It occurred to me on the way home from the office today while listening to Hannity that the top talk show hosts are leaving themselves wide open for competition. The number of interruptions in the content (traffic, weather, spots, obituaries, promos, in-program spots, whatever) has reduced the actual content to a very low level. A few years ago, a friend was a guest on a local talk show from 4 to 5 PM. I taped the show and telescoped it. How much actual content do you think there was? Exactly 22 minutes. How do you maintain continuity with 22 minutes out of 60 having meaningful content?
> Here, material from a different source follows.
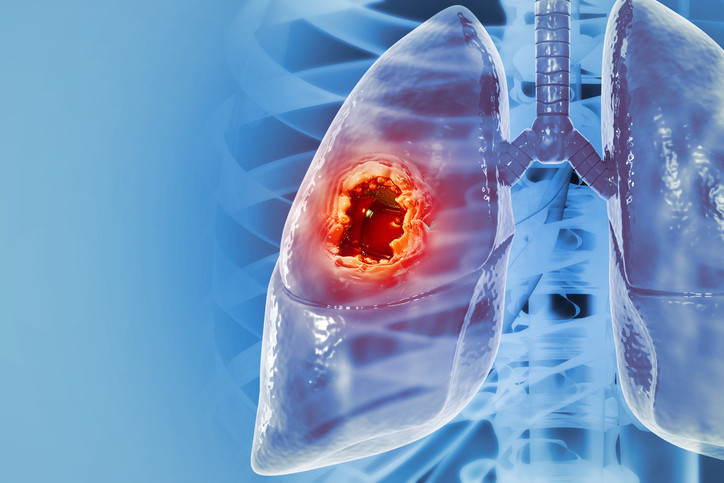 Her yıl 2 milyona yakın insan bu yüzden ölüyor! Risk faktörleri ve en yaygın belirtileri neler?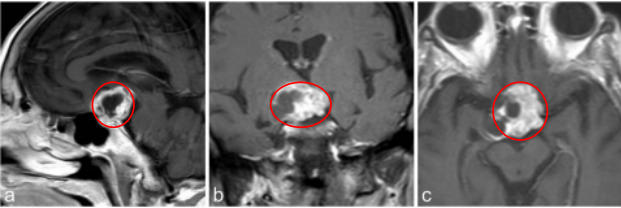 a–c图中，MR成像显示鞍上部分实性，部分囊性对比增强病变，高度可疑的颅咽管瘤。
A tip of the hat to those of you in this thread. Often any attempt to discuss today's Talk Radio techniques results in readers assuming someone is bashing a personality because of disagreement with political philosophy. This thread seems to be avoiding that trap.
Each of the big name talk shows comes across with a delivery style that sounds like the host is just letting his personal style spill out and maybe some things are spontaneous. But the more you follow the industry the more you realize there are consultants involved, sometimes reviews of a program much like the football Monday game "films", etc.
The trade-off, the transaction between the program and the stations has to have a lot of tension at work. Too many of those commercial breaks and the listeners begin to lose patience. Not enough of the breaks and the stations can't place as much "inventory" into play to get the income out the program they want. Some other program formats would probably chase-off too much audience with the same amount of commercial break time and features like traffic etc. Apparently political talk radio is just listener-sticky enough to not let the breaks kill the audience numbers.
I had not thought about it quite this way before, but Hannity's time slot probably does need a more "busted-up program clock" to accommodate the expectations of the drive time audience.
So far the genre has benefited from the tendency of Conservatives being very accepting of Conservatives even though they don't all sing from the exact same song book. If tension develops between the "traditional Conservatives" and the "tea party Conservatives"... is it possible the audience could turn out to not be a "listener-sticky"... and how would a Talk Host defuse such a possibility?